=== What the task requires ===
A picture-free, exact reproduction of the listing that follows is required.

=== Data extract ===
--

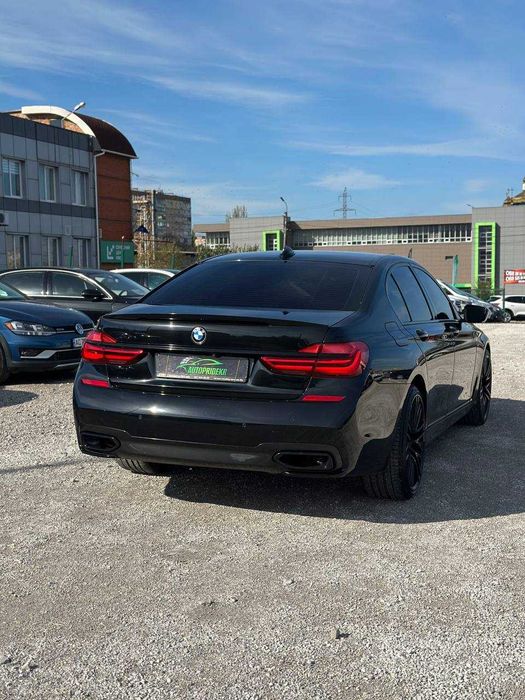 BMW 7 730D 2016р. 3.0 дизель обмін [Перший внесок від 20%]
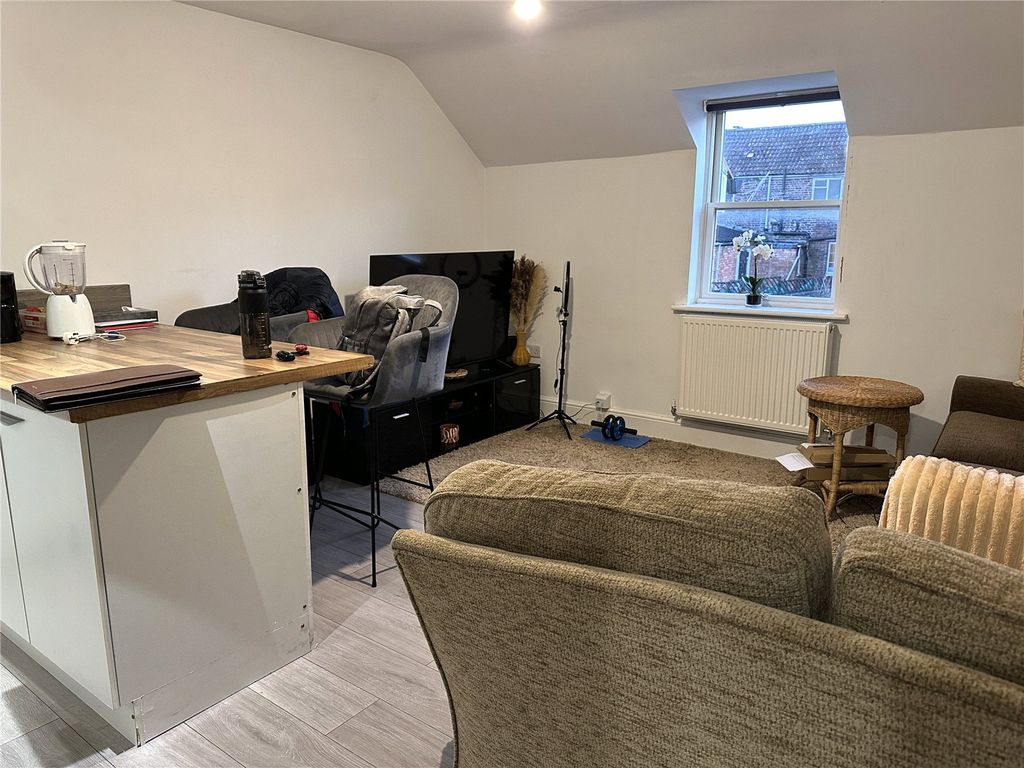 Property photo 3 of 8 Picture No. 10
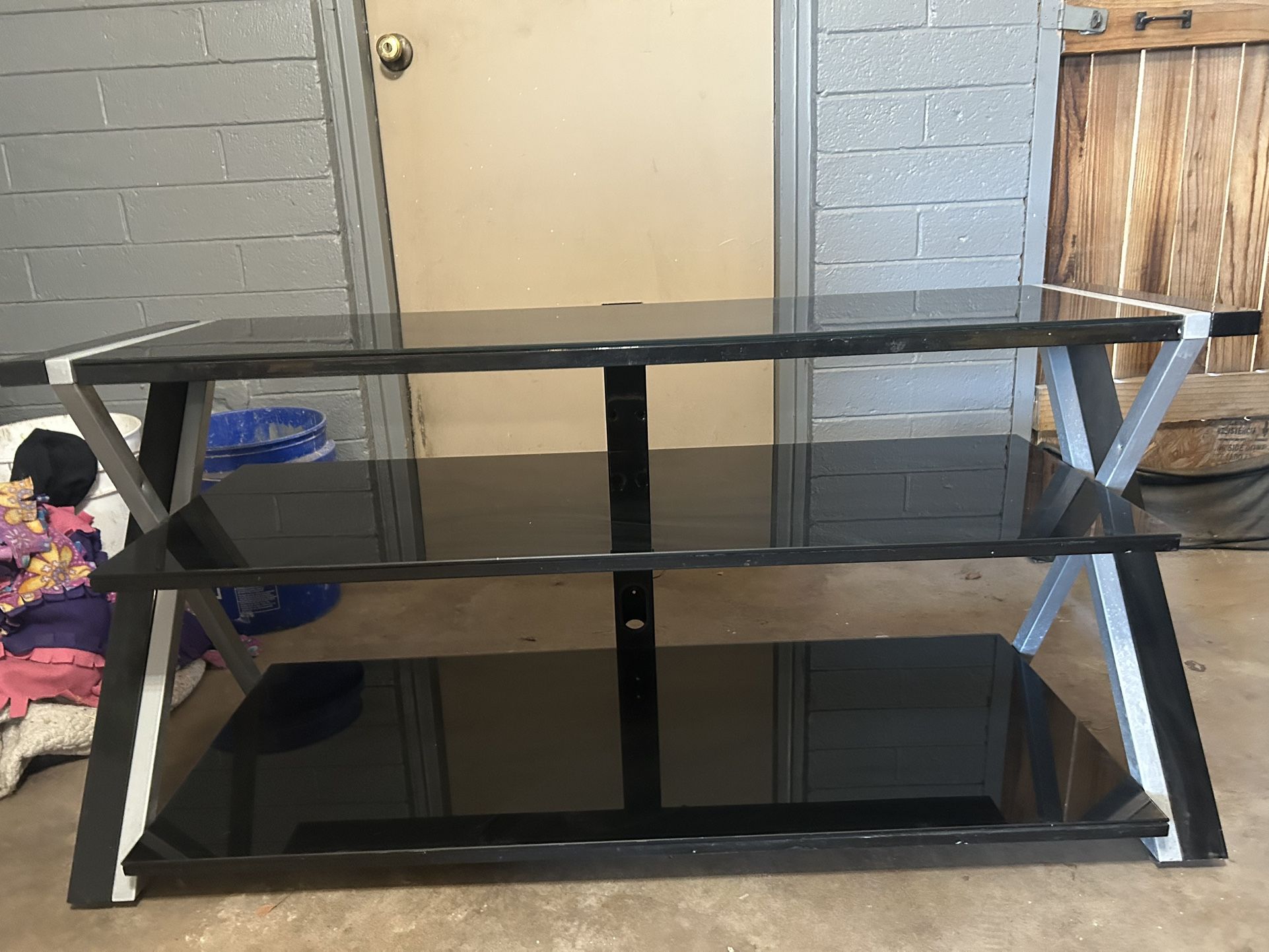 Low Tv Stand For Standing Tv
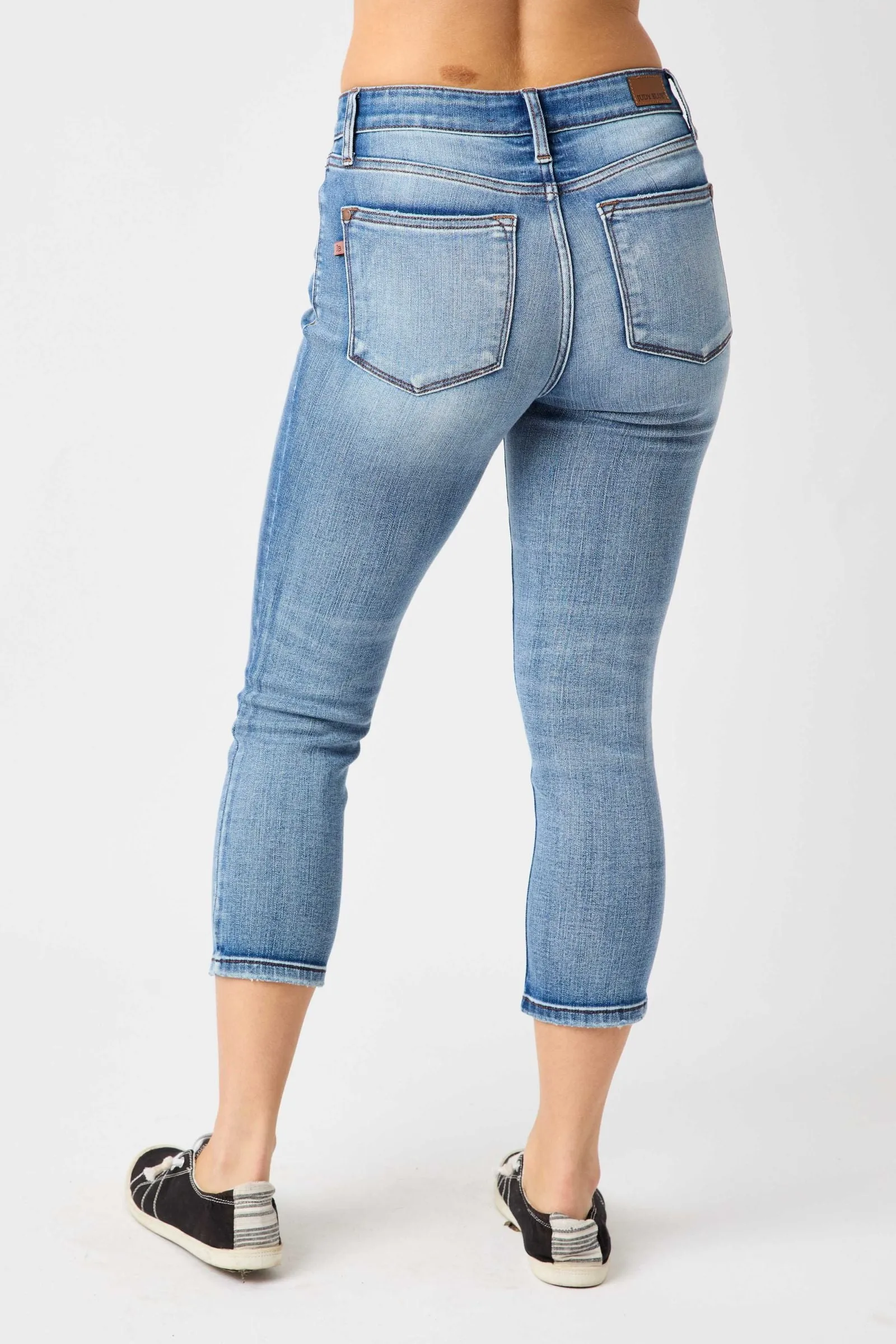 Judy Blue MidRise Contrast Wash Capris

--

=== Your solution ===
 BMW 7 730D 2016р. 3.0 дизель обмін [Перший внесок від 20%]
 Property photo 3 of 8 Picture No. 10
 Low Tv Stand For Standing Tv
 Judy Blue MidRise Contrast Wash Capris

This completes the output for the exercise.